> **Exercise requirements**
Please return exactly the line that contains "Food Storage Glass" and every line after it, through the last line of the records below, with no pictures.

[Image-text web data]
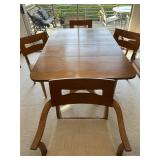 Heywood Wakefield Style Dining Table & Chairs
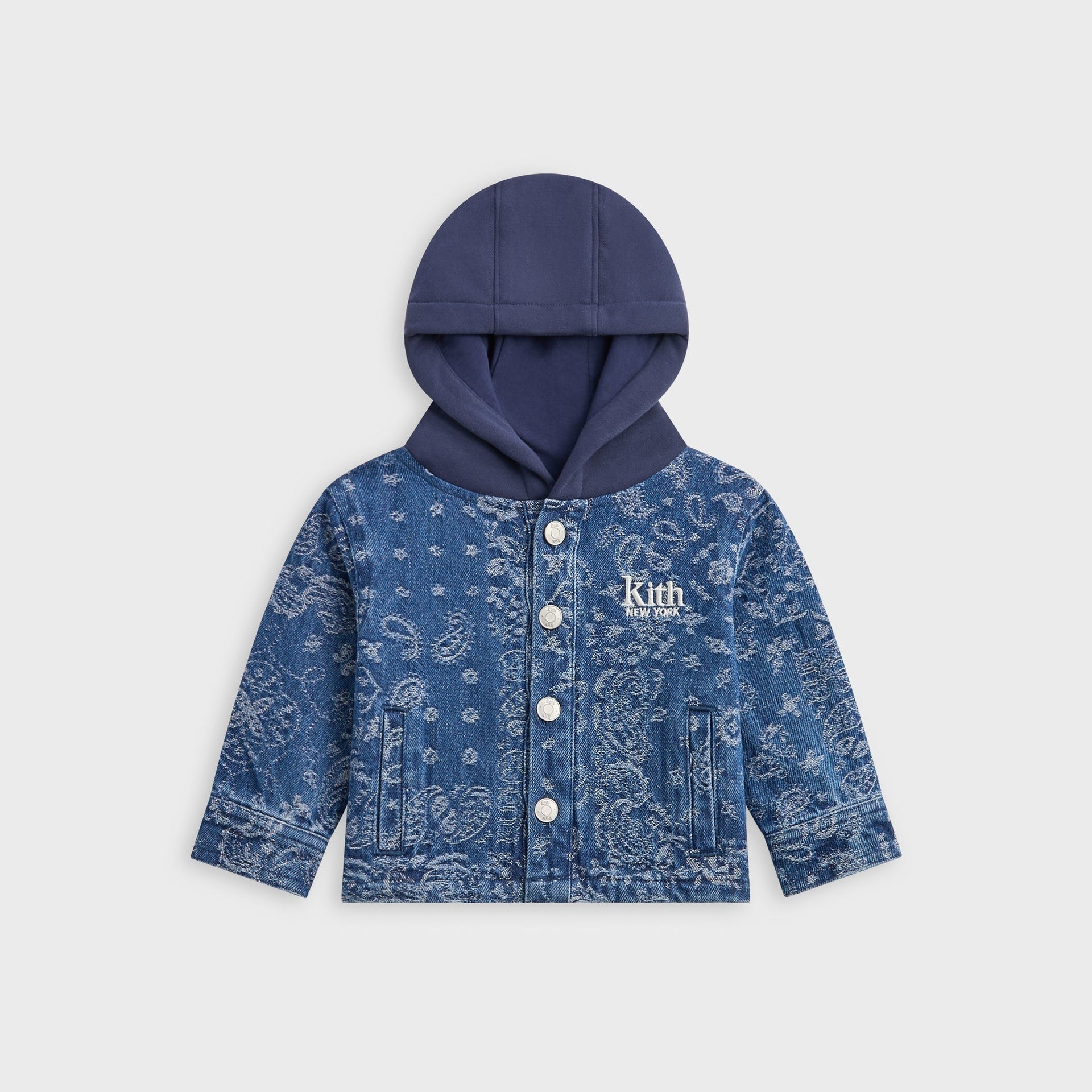 Kith Baby Paisley Hooded Ginza Shirt - Medium Indigo - PH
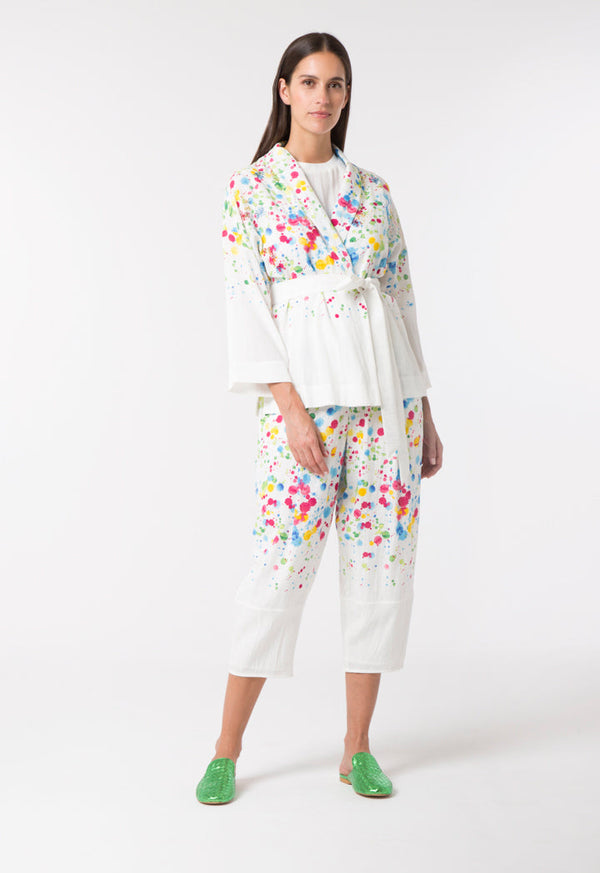 Choice Splatter Dye Trouser Multi Color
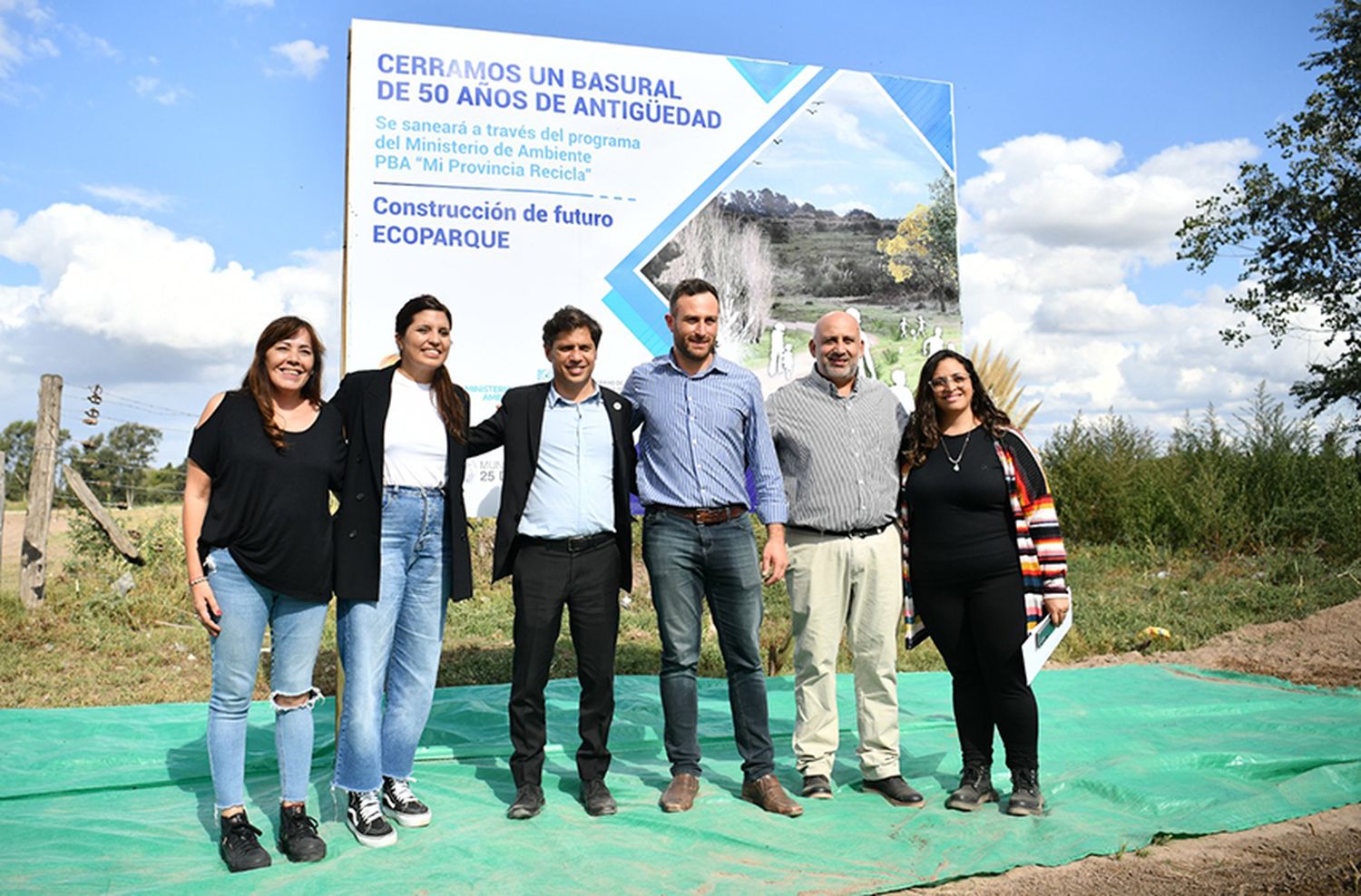 Kicillof anunció el cierre de un basural a cielo abierto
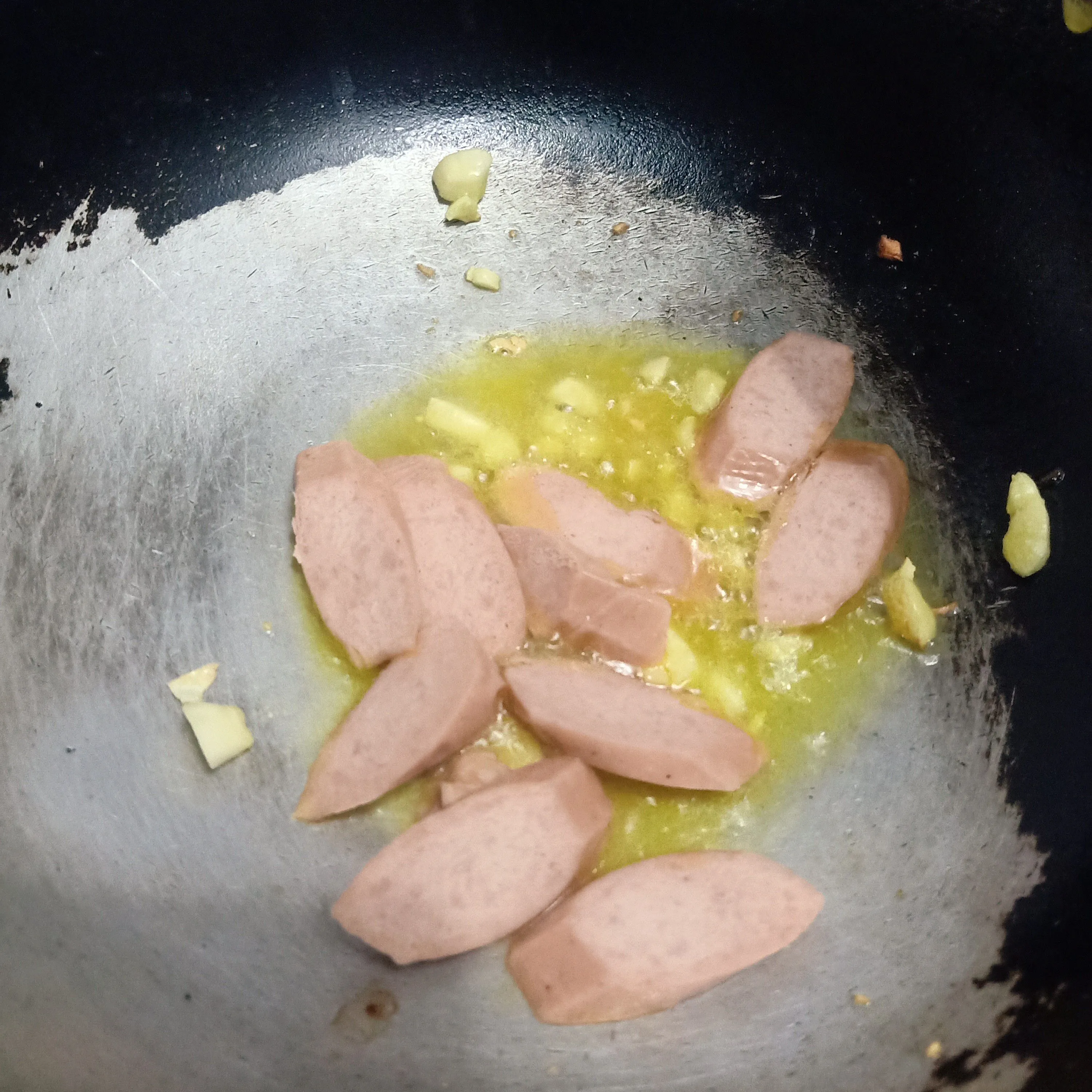 Step 2 Nasi Goreng Sosis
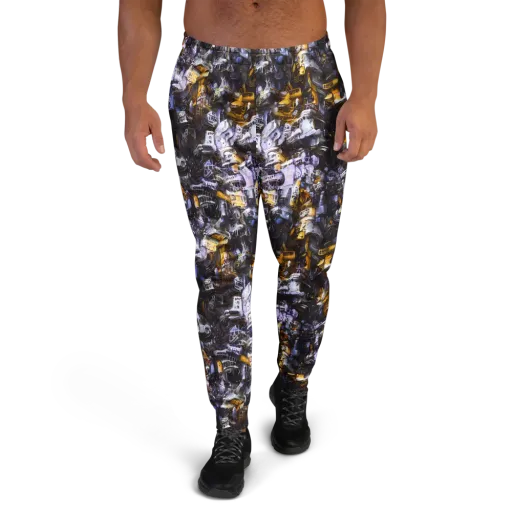 Gilded Bone Riot on a Men's Joggers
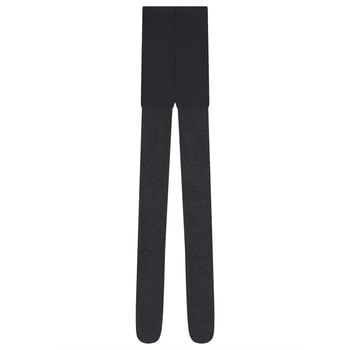 Girls Black Lurex Tights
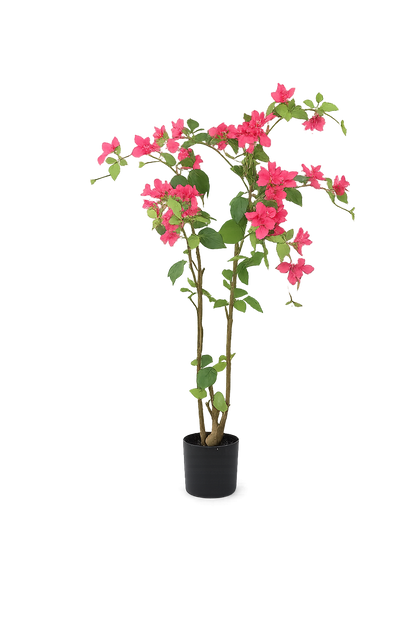 ENUTROF Artificial Pink Bougainvillea Plant – 120cm Fake Flowering Tree for Home & Event Decor ENUTROF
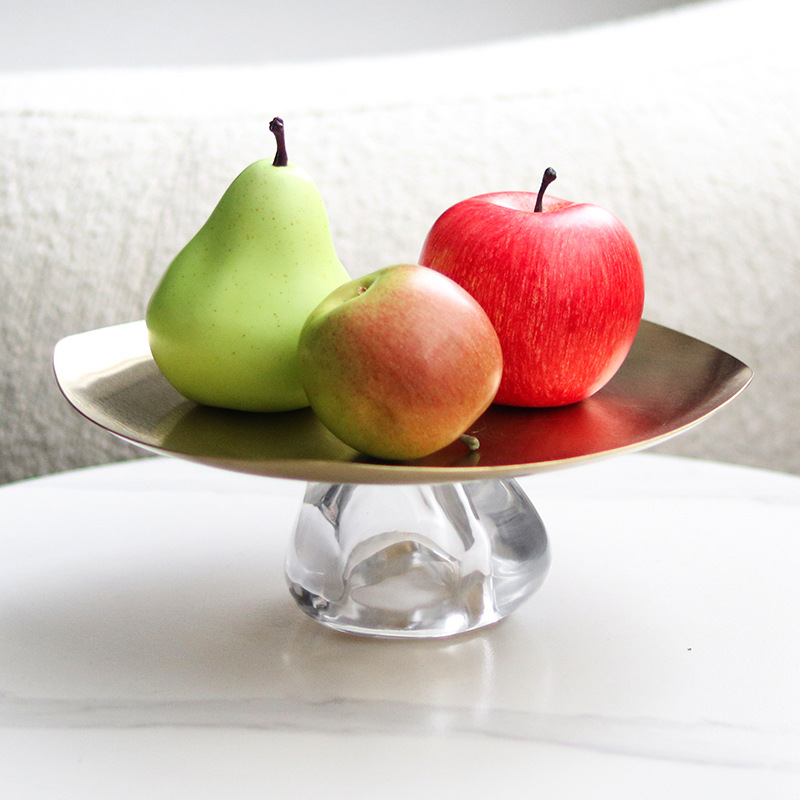 Food Storage Glass Round - Nampan Buah Logam Persegi Tidak Beraturan,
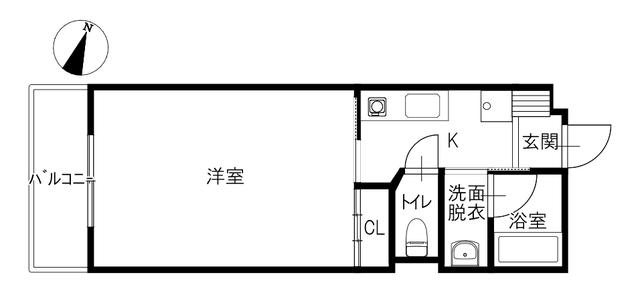 R・NANCHI(1K/2階)の間取り写真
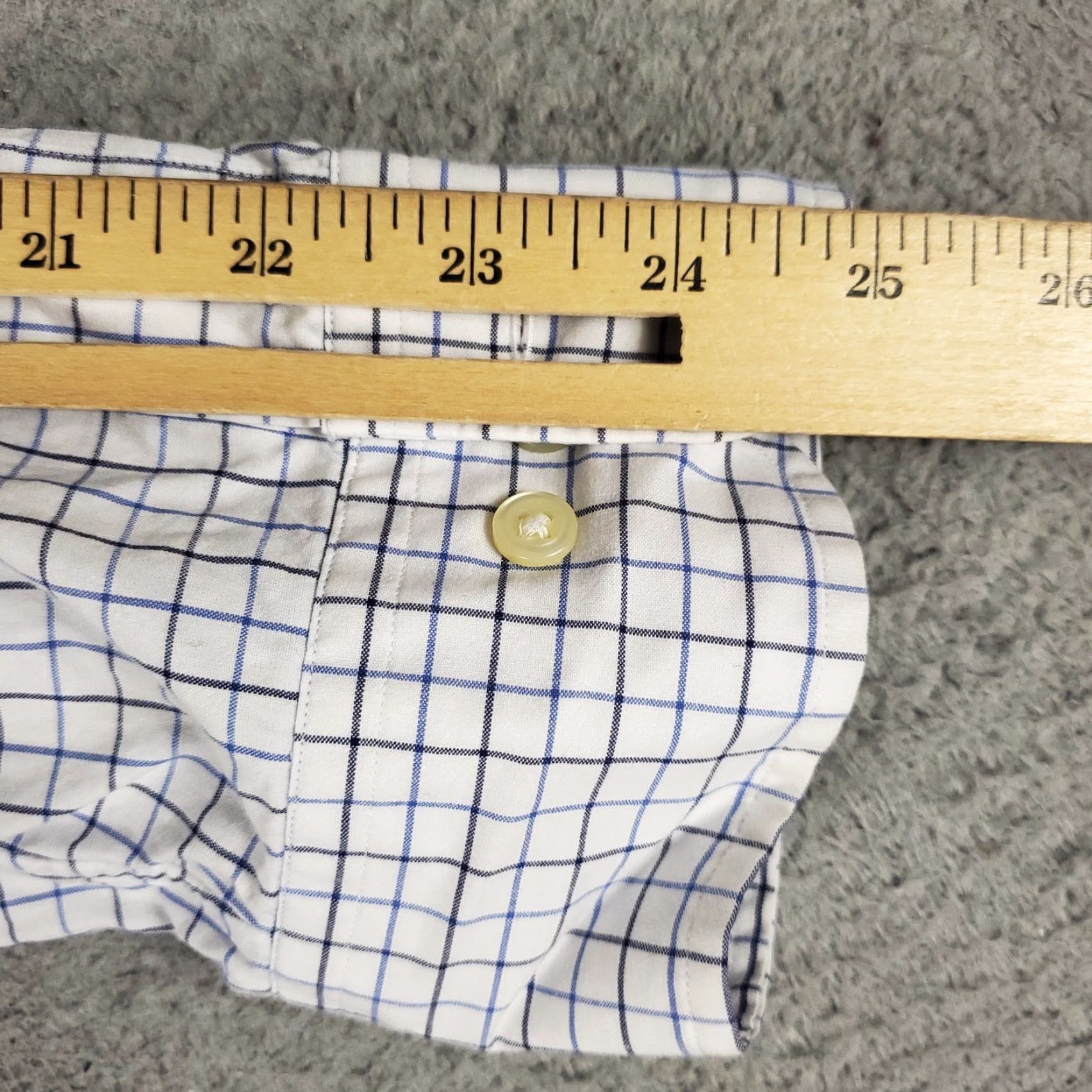 Ralph Lauren Ralph Lauren Dress Shirt Mens 17 White Blue Check Long Sleeve Button Up Size 46R - 7 Thumbnail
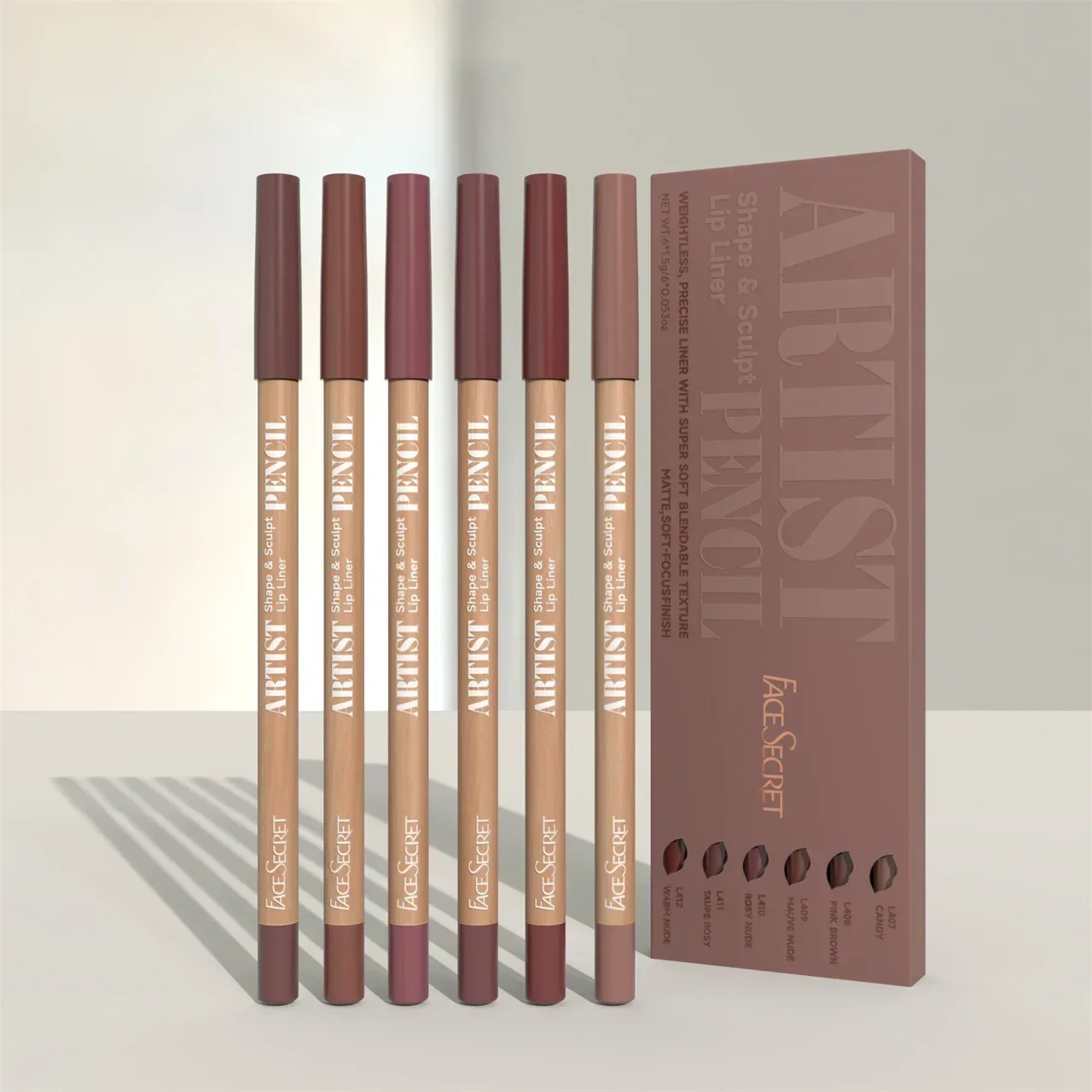 6 ピース/セットリップライナーペン 6 色防水と耐汗色褪せ - Lip Liner Pencil のレビューと価格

> **Answer box**
 Food Storage Glass Round - Nampan Buah Logam Persegi Tidak Beraturan,
 R・NANCHI(1K/2階)の間取り写真
 Ralph Lauren Ralph Lauren Dress Shirt Mens 17 White Blue Check Long Sleeve Button Up Size 46R - 7 Thumbnail
 6 ピース/セットリップライナーペン 6 色防水と耐汗色褪せ - Lip Liner Pencil のレビューと価格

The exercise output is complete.